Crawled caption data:
┄┄┄┄┄┄┄┄┄┄

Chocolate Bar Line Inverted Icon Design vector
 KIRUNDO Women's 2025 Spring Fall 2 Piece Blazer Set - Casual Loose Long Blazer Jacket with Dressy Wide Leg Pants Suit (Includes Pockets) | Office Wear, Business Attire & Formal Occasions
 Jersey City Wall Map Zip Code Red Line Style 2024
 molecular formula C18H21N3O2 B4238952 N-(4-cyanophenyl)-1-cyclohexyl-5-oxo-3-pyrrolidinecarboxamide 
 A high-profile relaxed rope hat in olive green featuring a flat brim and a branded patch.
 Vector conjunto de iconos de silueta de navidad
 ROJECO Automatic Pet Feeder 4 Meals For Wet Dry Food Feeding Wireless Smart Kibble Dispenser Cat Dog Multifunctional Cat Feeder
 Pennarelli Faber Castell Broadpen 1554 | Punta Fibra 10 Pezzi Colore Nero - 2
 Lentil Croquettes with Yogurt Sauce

┄┄┄┄┄┄┄┄┄┄

Problem to solve. Each line above from the one with "Jersey City Wall" up to and including the one with "Pennarelli Faber Castell" must be set down exactly, and no line outside that span may appear.

Exercise answer.
 Jersey City Wall Map Zip Code Red Line Style 2024
 molecular formula C18H21N3O2 B4238952 N-(4-cyanophenyl)-1-cyclohexyl-5-oxo-3-pyrrolidinecarboxamide 
 A high-profile relaxed rope hat in olive green featuring a flat brim and a branded patch.
 Vector conjunto de iconos de silueta de navidad
 ROJECO Automatic Pet Feeder 4 Meals For Wet Dry Food Feeding Wireless Smart Kibble Dispenser Cat Dog Multifunctional Cat Feeder
 Pennarelli Faber Castell Broadpen 1554 | Punta Fibra 10 Pezzi Colore Nero - 2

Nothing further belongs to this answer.